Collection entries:
•••

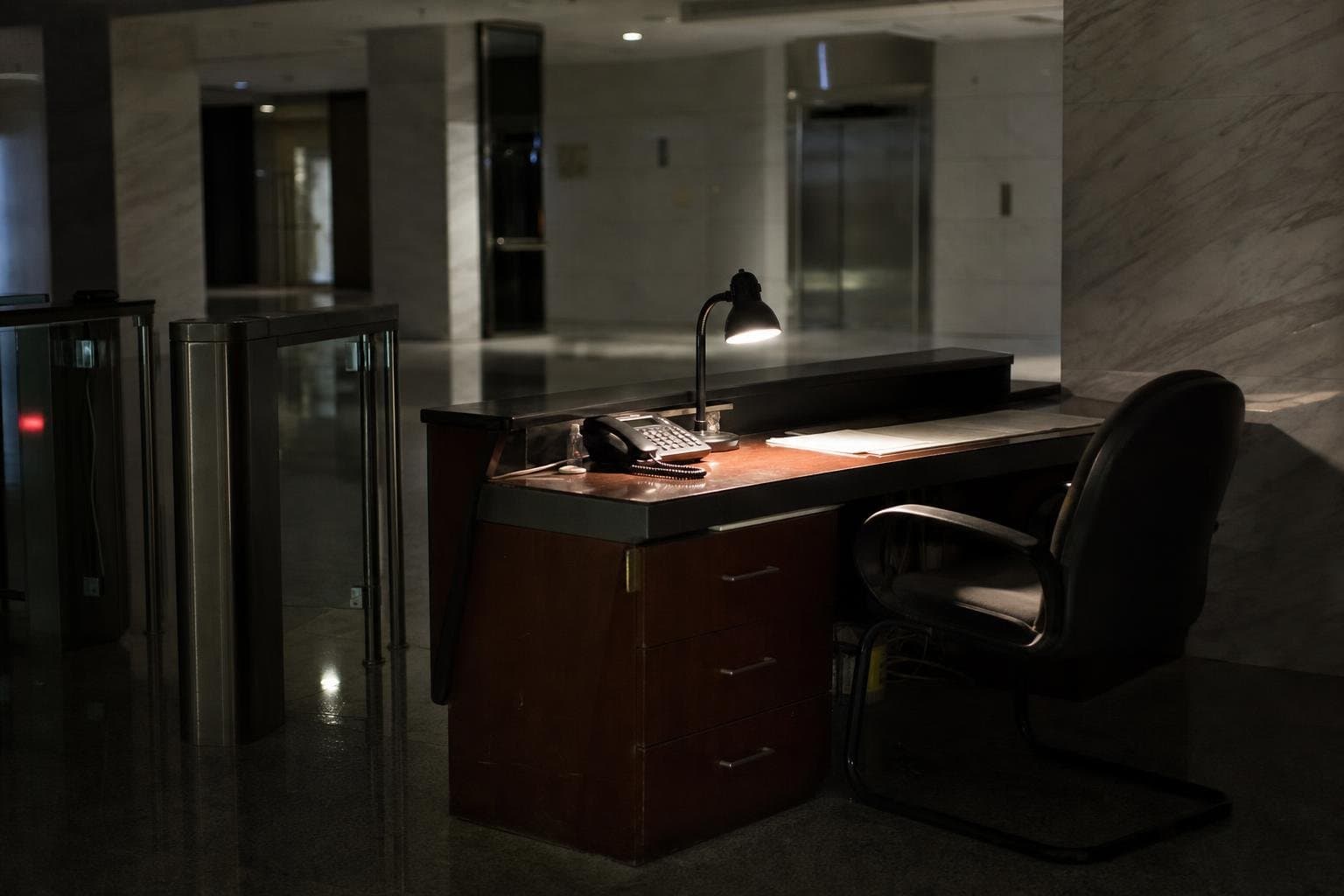 An empty chair at an unattended desk, lit by a single lamp at night.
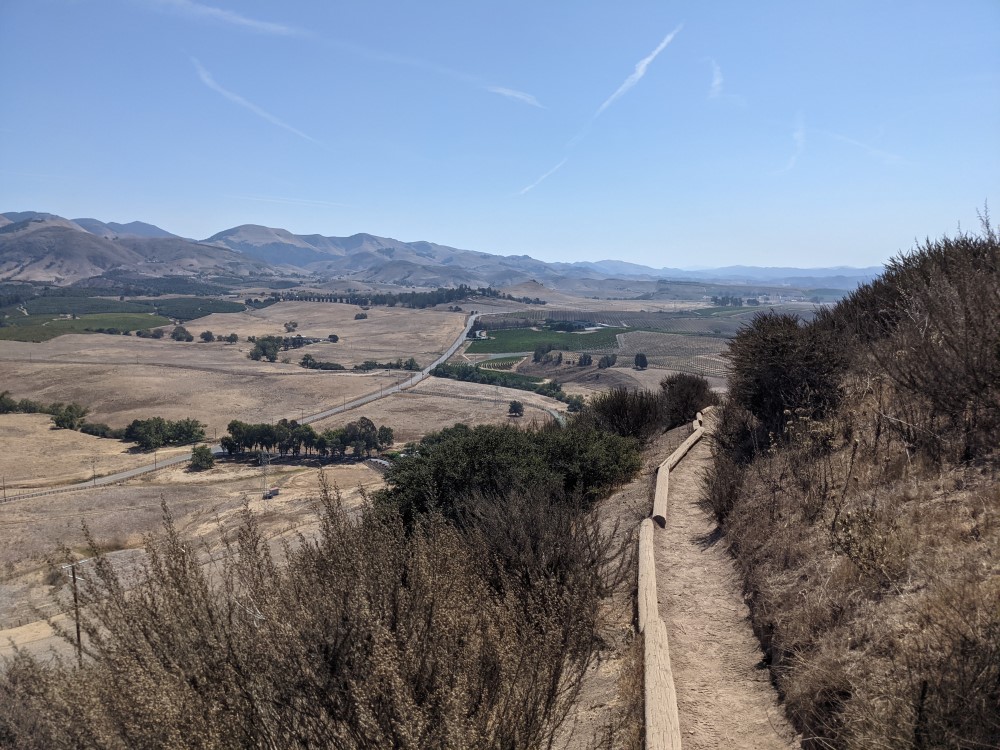 A view from the top of a hill. You can see the path on the side of the hill, a dirt path with a rough wood border, and beyond that a dry valley with patches of green farmland, and beyond that, more hills..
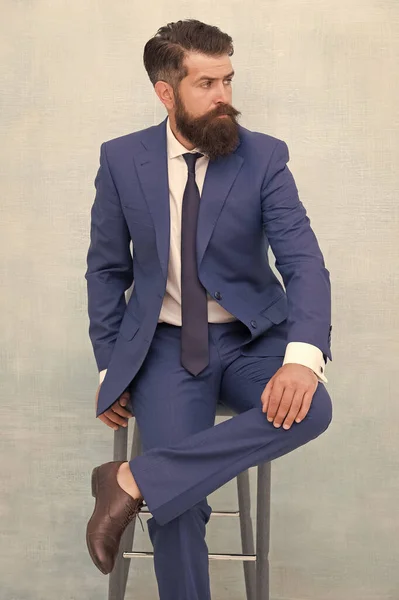 Elegante, mas moderno. O homem de negócios senta-se na cadeira. Elegante empresário ou empresário. O homem de negócios usa fato formal. Homem de negócios brutal em roupa formal. Moda formal e estilo. Código de vestuário comercial — Fotografia de Stock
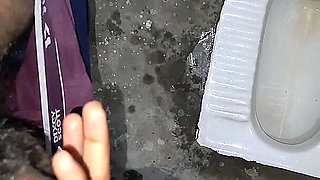 Desi Bhabhi Holding Stepbrother-in-law's Penis and Making Him Pee and Peeing Herself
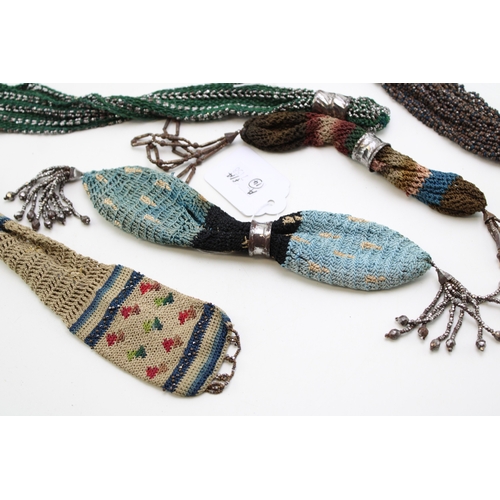 34 - Eight 19th century ‘miser’s purses’, comprising cotton examples in a variety of colours with cut and... 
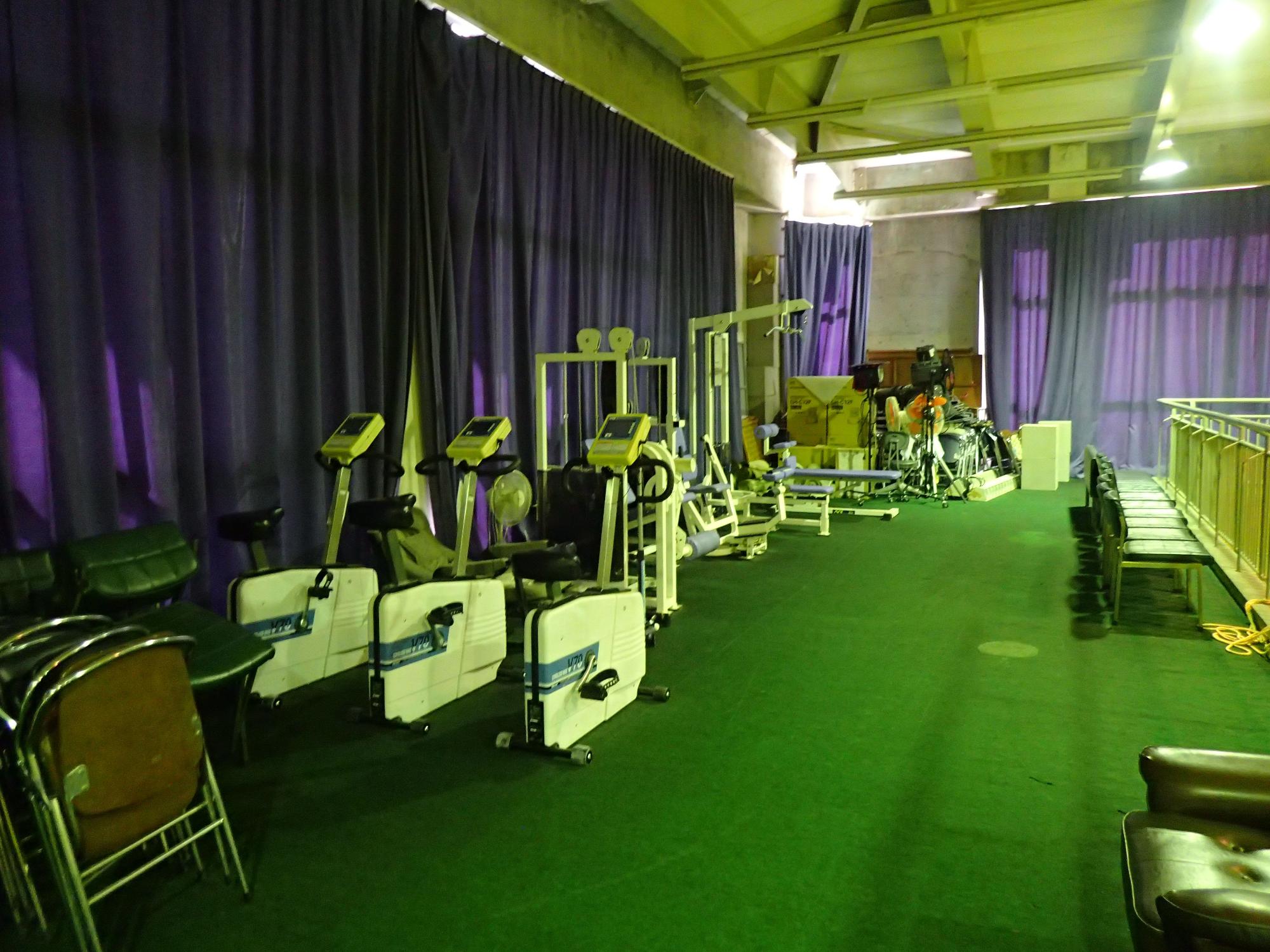 カーテンの閉まった部屋に運動用の器具がいくつか置かれた写真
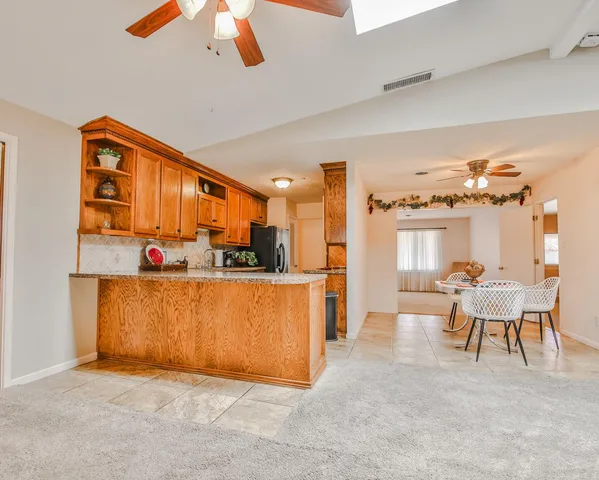 a living room with furniture a chandelier fan and a large window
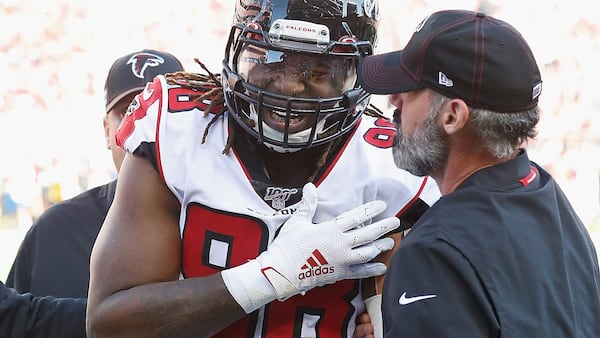 Falcons defensive end Takkarist McKinley (98) is assisted from the field after sustaining a shoulder injury in the first quarter against the San Francisco 49ers Sunday, Dec. 15, 2019, at Levi's Stadium in Santa Clara, Calif.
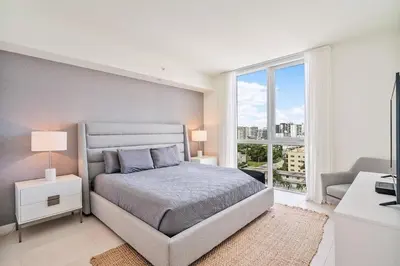 a bedroom with a bed and a large window at 914 Tiffany House condo in Fort Lauderdale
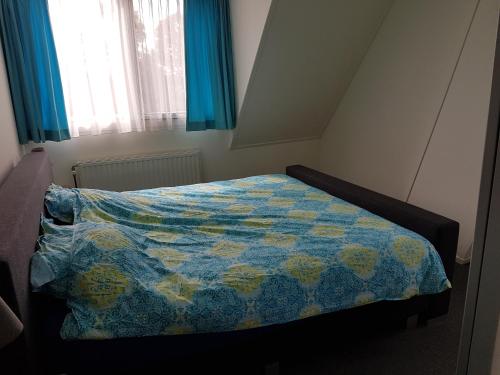 スロースケルケにあるLeeuwendammeのベッドルーム1室(青と黄色のキルトのベッド1台付)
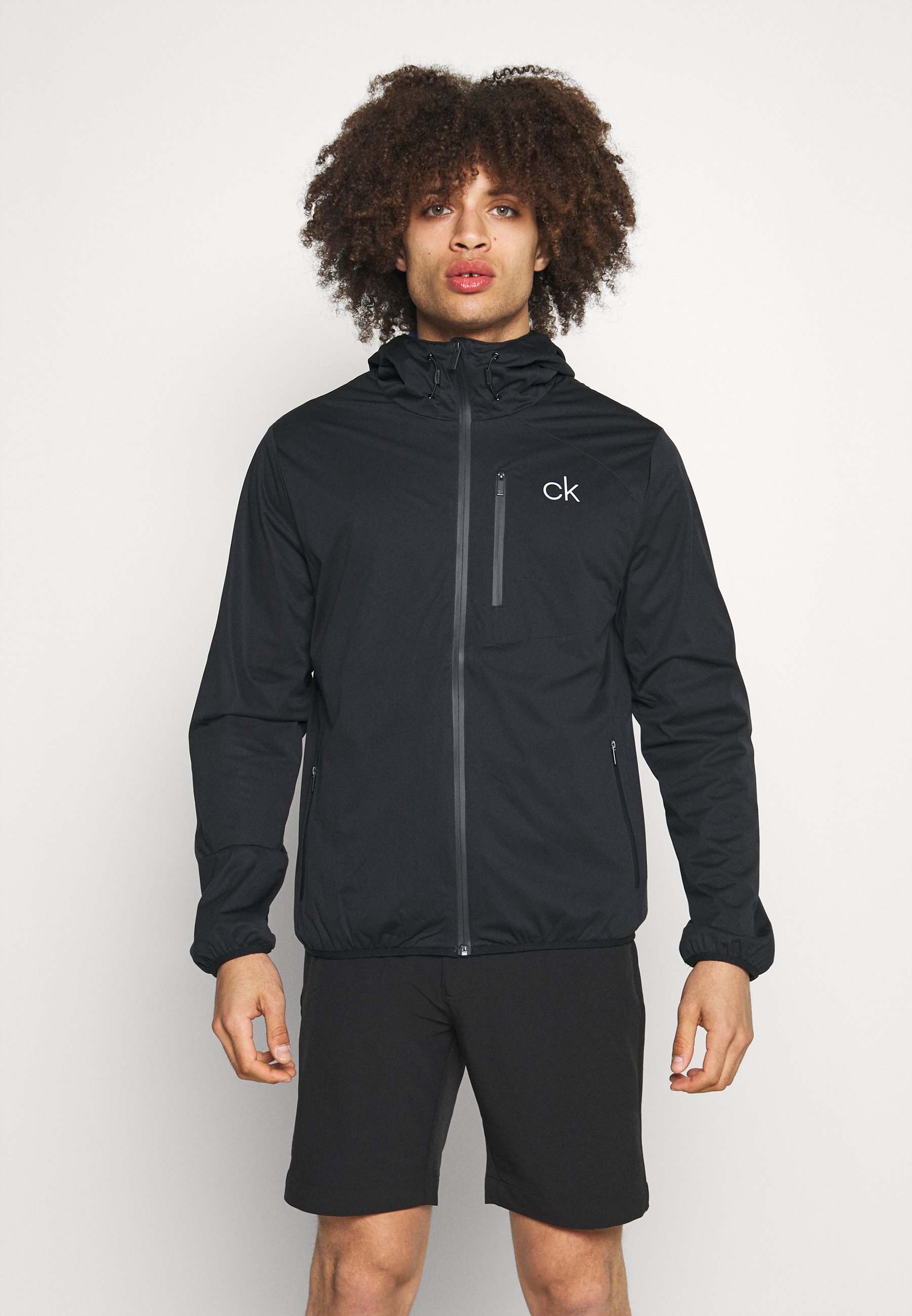 Calvin Klein Golf ULTRON HOODED JACKET - Waterproof jacket - navy/dark blue  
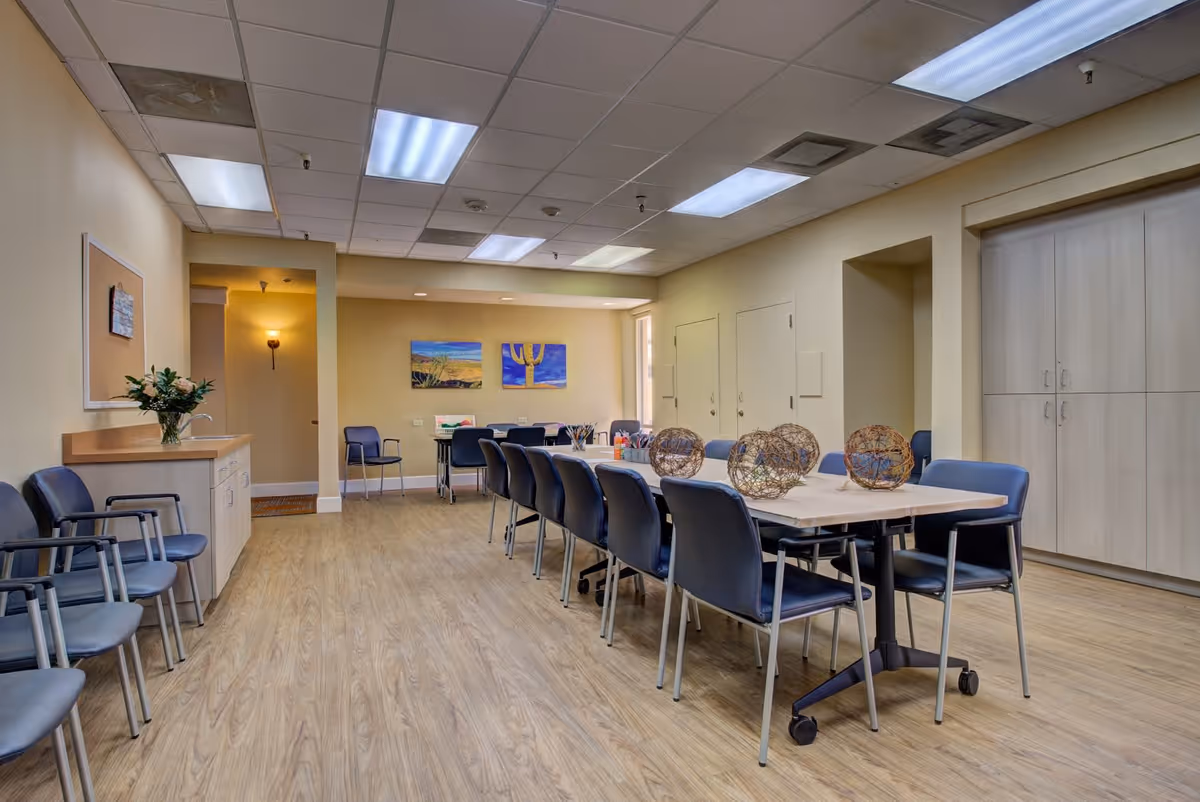 A spacious room with a long table surrounded by blue chairs, decorated with spherical wicker centerpieces. The room has light wood flooring, beige walls, and a ceiling with fluorescent lights. There are additional chairs lined up against the left wall, a small cabinet with a vase of flowers, and two colorful paintings on the far wall.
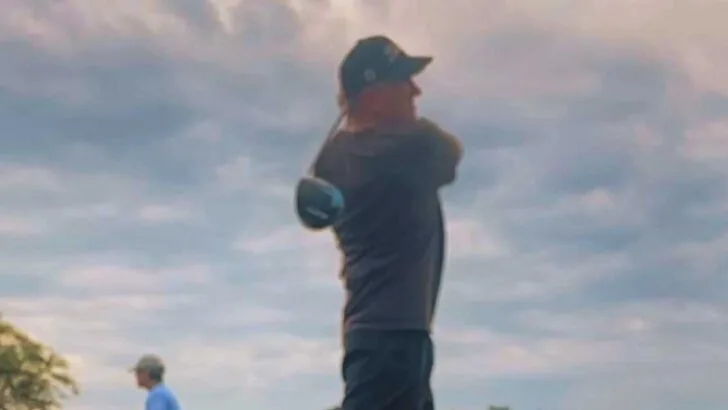 Man wearing a baseball hat swinging a golf club with clouds in background.
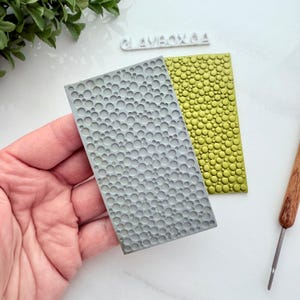 May include: Two silicone embossing mats with a raised bubble pattern. The mat on the left is gray and the mat on the right is green.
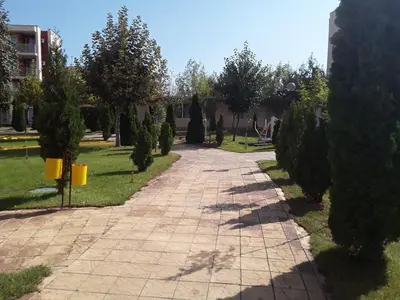 a walkway in a park with trees and a building at FORT NOKS NESSEBAR B2-203 Private Studio Sunny Beach in Sunny Beach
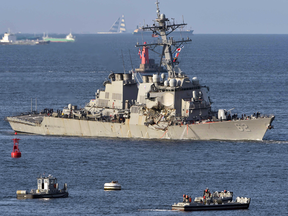 The damaged U.S. Navy destroyer USS Fitzgerald returns to its home port at U.S. Naval Yokosuka Base in Japan, June 17, 2017.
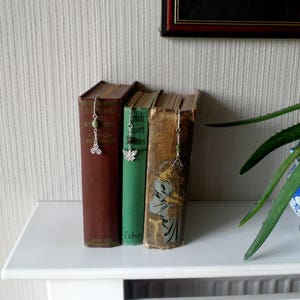 Op de afbeelding: Drie hardcover boeken met decoratieve bladwijzers. De bladwijzers zijn zilveren kettingen met groene kralen en een zilveren bedel. De boeken staan op een witte plank.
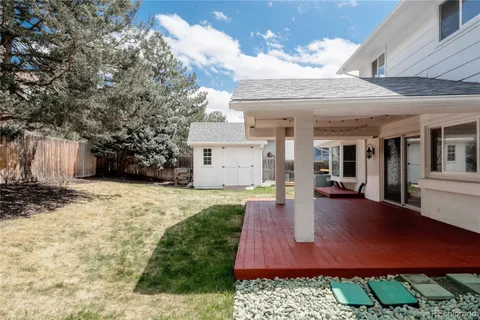 a view of a house with backyard and sitting area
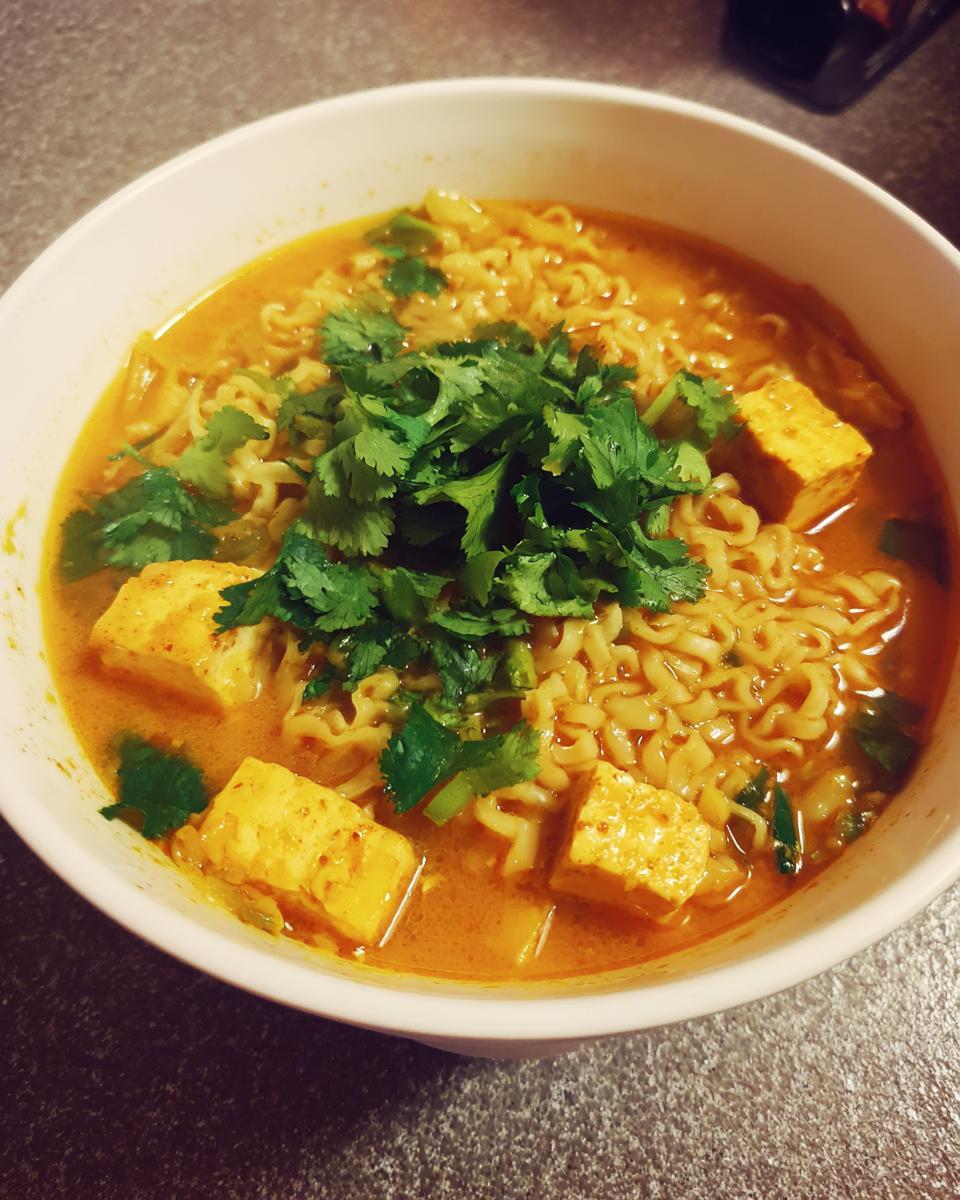 A close-up view of a white bowl filled with rich, orange Coconut Curry Ramen, topped with cubes of tofu and fresh cilantro.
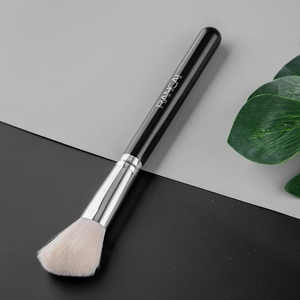 Detail of RANCAI angled contour brush with black handle and soft white bristles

•••

__Problem statement__: A verbatim copy of the records above, without pictures, is required.

__Task result__:
 An empty chair at an unattended desk, lit by a single lamp at night.
 A view from the top of a hill. You can see the path on the side of the hill, a dirt path with a rough wood border, and beyond that a dry valley with patches of green farmland, and beyond that, more hills..
 Elegante, mas moderno. O homem de negócios senta-se na cadeira. Elegante empresário ou empresário. O homem de negócios usa fato formal. Homem de negócios brutal em roupa formal. Moda formal e estilo. Código de vestuário comercial — Fotografia de Stock
 Desi Bhabhi Holding Stepbrother-in-law's Penis and Making Him Pee and Peeing Herself
 34 - Eight 19th century ‘miser’s purses’, comprising cotton examples in a variety of colours with cut and... 
 カーテンの閉まった部屋に運動用の器具がいくつか置かれた写真
 a living room with furniture a chandelier fan and a large window
 Falcons defensive end Takkarist McKinley (98) is assisted from the field after sustaining a shoulder injury in the first quarter against the San Francisco 49ers Sunday, Dec. 15, 2019, at Levi's Stadium in Santa Clara, Calif.
 a bedroom with a bed and a large window at 914 Tiffany House condo in Fort Lauderdale
 スロースケルケにあるLeeuwendammeのベッドルーム1室(青と黄色のキルトのベッド1台付)
 Calvin Klein Golf ULTRON HOODED JACKET - Waterproof jacket - navy/dark blue  
 A spacious room with a long table surrounded by blue chairs, decorated with spherical wicker centerpieces. The room has light wood flooring, beige walls, and a ceiling with fluorescent lights. There are additional chairs lined up against the left wall, a small cabinet with a vase of flowers, and two colorful paintings on the far wall.
 Man wearing a baseball hat swinging a golf club with clouds in background.
 May include: Two silicone embossing mats with a raised bubble pattern. The mat on the left is gray and the mat on the right is green.
 a walkway in a park with trees and a building at FORT NOKS NESSEBAR B2-203 Private Studio Sunny Beach in Sunny Beach
 The damaged U.S. Navy destroyer USS Fitzgerald returns to its home port at U.S. Naval Yokosuka Base in Japan, June 17, 2017.
 Op de afbeelding: Drie hardcover boeken met decoratieve bladwijzers. De bladwijzers zijn zilveren kettingen met groene kralen en een zilveren bedel. De boeken staan op een witte plank.
 a view of a house with backyard and sitting area
 A close-up view of a white bowl filled with rich, orange Coconut Curry Ramen, topped with cubes of tofu and fresh cilantro.
 Detail of RANCAI angled contour brush with black handle and soft white bristles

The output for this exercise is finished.